Saturday, December 18, 2010

Cause vs correlation

This morning I was delighted to come across this story about a startling correlation between the number of mobile phone masts in an area and the birth rates. Given the talk about mobile phone signals and health (for which there is no good evidence), even I was tempted into thinking "oooh, mobile phone masts get people horny or more fertile".

But of course, it's actually quite obvious when you consider what data is being analysed. Lots of mobile phone masts in an area just means that lots of people live in that area and lots of people means lots of births. Hence there's a correlation between the number of masts in an area and the number of births.

Looking at the data, a more interesting analysis would be to take the births per thousand people and correlate that with the number of masts per thousand people in each area. My guess is that there might be a much weaker correlation, but it may still show some interesting effects. For example, is the birth rate higher in areas with greater population density in which more phone masts are erected? Is there more NIMBYism against phone masts in prosperous areas with lower housing density?
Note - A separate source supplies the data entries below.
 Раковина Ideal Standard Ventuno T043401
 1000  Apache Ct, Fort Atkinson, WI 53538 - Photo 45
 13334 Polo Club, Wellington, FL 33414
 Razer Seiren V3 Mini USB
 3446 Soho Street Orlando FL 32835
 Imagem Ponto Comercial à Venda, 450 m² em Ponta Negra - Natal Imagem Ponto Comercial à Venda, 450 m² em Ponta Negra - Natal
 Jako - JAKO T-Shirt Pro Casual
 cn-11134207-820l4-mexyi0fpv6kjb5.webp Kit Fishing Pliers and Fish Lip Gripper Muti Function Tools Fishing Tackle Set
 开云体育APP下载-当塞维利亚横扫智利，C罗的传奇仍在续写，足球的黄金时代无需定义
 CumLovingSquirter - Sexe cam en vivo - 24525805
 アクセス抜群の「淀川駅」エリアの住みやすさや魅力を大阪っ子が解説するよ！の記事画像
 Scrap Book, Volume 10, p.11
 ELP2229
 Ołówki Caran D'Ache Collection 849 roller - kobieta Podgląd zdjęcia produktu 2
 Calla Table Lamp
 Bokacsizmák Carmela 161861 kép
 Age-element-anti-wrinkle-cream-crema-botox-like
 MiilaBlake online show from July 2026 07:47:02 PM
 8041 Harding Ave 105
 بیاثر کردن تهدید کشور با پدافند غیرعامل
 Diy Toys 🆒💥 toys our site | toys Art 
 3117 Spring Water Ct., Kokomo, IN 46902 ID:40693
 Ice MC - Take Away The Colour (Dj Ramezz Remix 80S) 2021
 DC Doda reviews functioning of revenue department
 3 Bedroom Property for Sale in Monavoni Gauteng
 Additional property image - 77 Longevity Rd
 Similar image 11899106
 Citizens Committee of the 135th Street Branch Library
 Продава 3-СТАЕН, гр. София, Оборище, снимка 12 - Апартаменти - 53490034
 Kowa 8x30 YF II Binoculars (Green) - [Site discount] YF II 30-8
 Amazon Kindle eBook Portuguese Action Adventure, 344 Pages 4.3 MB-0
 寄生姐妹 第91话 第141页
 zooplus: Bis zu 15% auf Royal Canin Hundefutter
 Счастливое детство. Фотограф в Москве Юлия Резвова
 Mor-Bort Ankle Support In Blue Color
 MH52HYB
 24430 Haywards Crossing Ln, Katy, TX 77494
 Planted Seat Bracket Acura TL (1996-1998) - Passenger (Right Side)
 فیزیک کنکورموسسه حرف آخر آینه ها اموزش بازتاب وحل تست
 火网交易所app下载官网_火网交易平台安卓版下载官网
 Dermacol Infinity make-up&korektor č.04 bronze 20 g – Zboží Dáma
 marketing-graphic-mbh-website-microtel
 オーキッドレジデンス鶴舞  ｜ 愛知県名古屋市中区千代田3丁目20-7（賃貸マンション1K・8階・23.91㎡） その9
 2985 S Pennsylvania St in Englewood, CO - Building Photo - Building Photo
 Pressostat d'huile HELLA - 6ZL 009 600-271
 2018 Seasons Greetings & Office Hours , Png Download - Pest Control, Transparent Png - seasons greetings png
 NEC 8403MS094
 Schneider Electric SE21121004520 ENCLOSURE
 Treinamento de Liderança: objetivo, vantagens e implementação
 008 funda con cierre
This housing phenomenon must be an age-old one and mobile phone masts are just a new proxy for it. I recently researched the history of the defunct mining village of Mavis Valley and in the 1901 census data (which, alas, isn't freely available on the web), I found that 49% of the village's population was under 15. At first I thought "wow, compare that with our aging population these days", but then I realised that the percentages for my own street - about 20 three and four bedroom houses built in 1995 - had a very similar percentage of under 15s. Sure enough, when I checked, I found that Mavis Valley had undergone a major expansion in the decade before the census and so young couples had moved into the new houses and started breeding.

A magnet for numerology and pseudo-science (i.e. nonsense) is the sunspot number time series, which I spent three years of my life studying. Your eye and brain might be attracted by the graph in this example:

But look more closely and critically and ask yourself these three questions:

  • How many graphs did the author compare with sunspot number before choosing to blog about this one?
  • A time shift of 3 years was needed to expose the correlation and no data before 1947 is included - is there a reason for these choices other than to improve the correlation?
  • There are 10 distinct unemployment peaks but only 4 of them line up with peaks in sunspot number, the other 6 don't. Are you convinced by a sample of 10 data points of which 6 do not agree with hypothesis proposed? 
Knowing how to ask those questions, and to think critically and as objectively as possible, and at the same time be aware of unavoidable subjective choices and influences, are skills that a good scientific training brings. This is the aspect of science that is almost always lost in the media and this is exactly why the article in today's Guardian delighted me.

1 comment:

  1. I edited this after realising how simple-minded the Guardian article's analysis was: the correlation is simply because in a given area, more people means more masts and more people also means more births. It doesn't change the point that's being made actually, in fact it actually makes it stronger!